What could happen that would invalidate this narrative?
  • Gartner's strong recurring subscription revenue model, underpinned by robust multi-year contract growth and high retention rates outside U.S. federal, enhances revenue predictability and stability, reducing the likelihood of sustained top-line declines over the long term.
  • The company continues to unlock new addressable markets and client segments, with high growth in Global Business Sales (up 11 percent in contract value year-over-year), which diversifies its revenue sources and supports multi-year earnings expansion.
  • Secular trends in digital transformation, artificial intelligence, cybersecurity, and regulatory complexity are increasing the need for specialized insights; Gartner's positioning as a trusted, differentiated advisor is reinforced by its proprietary research and data set, helping to maintain pricing power and steady margin growth.
  • Prudent cost management and operational agility, even amid economic or sector-specific slowdowns, have allowed Gartner to expand EBITDA margins and generate free cash flow well in excess of net income, increasing both profitability and resilience.
  • Aggressive and opportunistic share repurchases, coupled with a strong balance sheet and capacity for strategic tuck-in M&A, provide earnings per share accretion and additional shareholder value, offsetting pressures on revenue or temporary market disruptions.

Valuation

How have all the factors above been brought together to estimate a fair value?

  • The assumed bearish price target for Gartner is $345.0, which represents the lowest price target estimate amongst analysts. This valuation is based on what can be assumed as the expectations of Gartner's future earnings growth, profit margins and other risk factors from analysts on the more bearish end of the spectrum.
  • However, there is a degree of disagreement amongst analysts, with the most bullish reporting a price target of $540.0, and the most bearish reporting a price target of just $345.0.
  • In order for you to agree with the bearish analysts, you'd need to believe that by 2028, revenues will be $7.7 billion, earnings will come to $992.6 million, and it would be trading on a PE ratio of 33.6x, assuming you use a discount rate of 8.4%.
  • Given the current share price of $357.98, the bearish analyst price target of $345.0 is 3.8% lower. The relatively low difference between the current share price and the analyst bearish price target indicates that the bearish analysts believe on average, the company is fairly priced.
  • We always encourage you to reach your own conclusions though. So sense check these analyst numbers against your own assumptions and expectations based on your understanding of the business and what you believe is probable.

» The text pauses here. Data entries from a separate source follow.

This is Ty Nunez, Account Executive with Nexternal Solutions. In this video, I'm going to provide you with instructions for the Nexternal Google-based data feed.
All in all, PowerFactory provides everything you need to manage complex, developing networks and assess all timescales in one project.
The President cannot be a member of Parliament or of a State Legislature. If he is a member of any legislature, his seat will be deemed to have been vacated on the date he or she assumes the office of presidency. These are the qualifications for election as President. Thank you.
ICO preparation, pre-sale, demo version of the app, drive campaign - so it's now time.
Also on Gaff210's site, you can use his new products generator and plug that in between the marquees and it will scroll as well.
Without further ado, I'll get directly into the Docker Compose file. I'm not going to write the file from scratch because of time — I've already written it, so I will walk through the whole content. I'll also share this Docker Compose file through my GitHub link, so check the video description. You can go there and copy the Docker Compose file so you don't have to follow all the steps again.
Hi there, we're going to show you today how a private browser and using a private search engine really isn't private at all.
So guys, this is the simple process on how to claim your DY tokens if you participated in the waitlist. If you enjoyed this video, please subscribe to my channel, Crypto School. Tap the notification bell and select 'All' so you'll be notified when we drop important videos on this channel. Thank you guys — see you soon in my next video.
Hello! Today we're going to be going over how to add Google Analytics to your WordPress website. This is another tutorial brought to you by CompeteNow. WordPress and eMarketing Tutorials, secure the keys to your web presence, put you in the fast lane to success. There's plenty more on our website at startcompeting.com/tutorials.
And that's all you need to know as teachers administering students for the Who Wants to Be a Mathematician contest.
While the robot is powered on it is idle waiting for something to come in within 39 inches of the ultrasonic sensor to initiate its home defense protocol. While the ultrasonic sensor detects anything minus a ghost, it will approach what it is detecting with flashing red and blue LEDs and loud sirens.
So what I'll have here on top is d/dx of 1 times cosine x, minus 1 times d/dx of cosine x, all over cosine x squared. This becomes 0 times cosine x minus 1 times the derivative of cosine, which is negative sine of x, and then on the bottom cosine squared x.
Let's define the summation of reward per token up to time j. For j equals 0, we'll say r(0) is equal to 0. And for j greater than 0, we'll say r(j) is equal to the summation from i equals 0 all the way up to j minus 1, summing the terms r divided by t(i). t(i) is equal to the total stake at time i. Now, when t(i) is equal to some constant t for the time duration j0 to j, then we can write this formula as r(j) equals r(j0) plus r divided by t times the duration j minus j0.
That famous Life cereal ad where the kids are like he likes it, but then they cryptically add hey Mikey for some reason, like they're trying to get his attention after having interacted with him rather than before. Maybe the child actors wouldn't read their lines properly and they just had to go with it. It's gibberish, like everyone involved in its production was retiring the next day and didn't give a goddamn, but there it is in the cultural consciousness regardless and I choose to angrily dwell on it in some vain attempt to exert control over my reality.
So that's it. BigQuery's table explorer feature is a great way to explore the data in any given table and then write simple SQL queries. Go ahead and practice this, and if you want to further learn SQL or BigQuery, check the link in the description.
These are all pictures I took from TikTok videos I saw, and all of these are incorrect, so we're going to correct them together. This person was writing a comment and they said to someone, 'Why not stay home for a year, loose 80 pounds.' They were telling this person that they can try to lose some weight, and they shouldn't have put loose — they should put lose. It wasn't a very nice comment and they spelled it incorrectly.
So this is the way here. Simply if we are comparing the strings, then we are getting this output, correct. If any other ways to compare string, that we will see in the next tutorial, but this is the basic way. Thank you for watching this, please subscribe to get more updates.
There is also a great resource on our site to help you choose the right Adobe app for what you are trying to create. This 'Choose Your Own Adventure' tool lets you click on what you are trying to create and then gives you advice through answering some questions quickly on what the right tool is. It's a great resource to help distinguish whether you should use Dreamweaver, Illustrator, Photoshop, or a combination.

How well do narratives help inform your perspective?

Disclaimer

AnalystLowTarget is a tool utilizing a Large Language Model (LLM) that ingests data on consensus price targets, forecasted revenue and earnings figures, as well as the transcripts of earnings calls to produce qualitative analysis. The narratives produced by AnalystLowTarget are general in nature and are based solely on analyst data and publicly-available material published by the respective companies. These scenarios are not indicative of the company's future performance and are exploratory in nature. Simply Wall St has no position in the company(s) mentioned. Simply Wall St may provide the securities issuer or related entities with website advertising services for a fee, on an arm's length basis. These relationships have no impact on the way we conduct our business, the content we host, or how our content is served to users. The price targets and estimates used are consensus data, and do not constitute a recommendation to buy or sell any stock, and they do not take account of your objectives, or your financial situation. Note that AnalystLowTarget's analysis may not factor in the latest price-sensitive company announcements or qualitative material.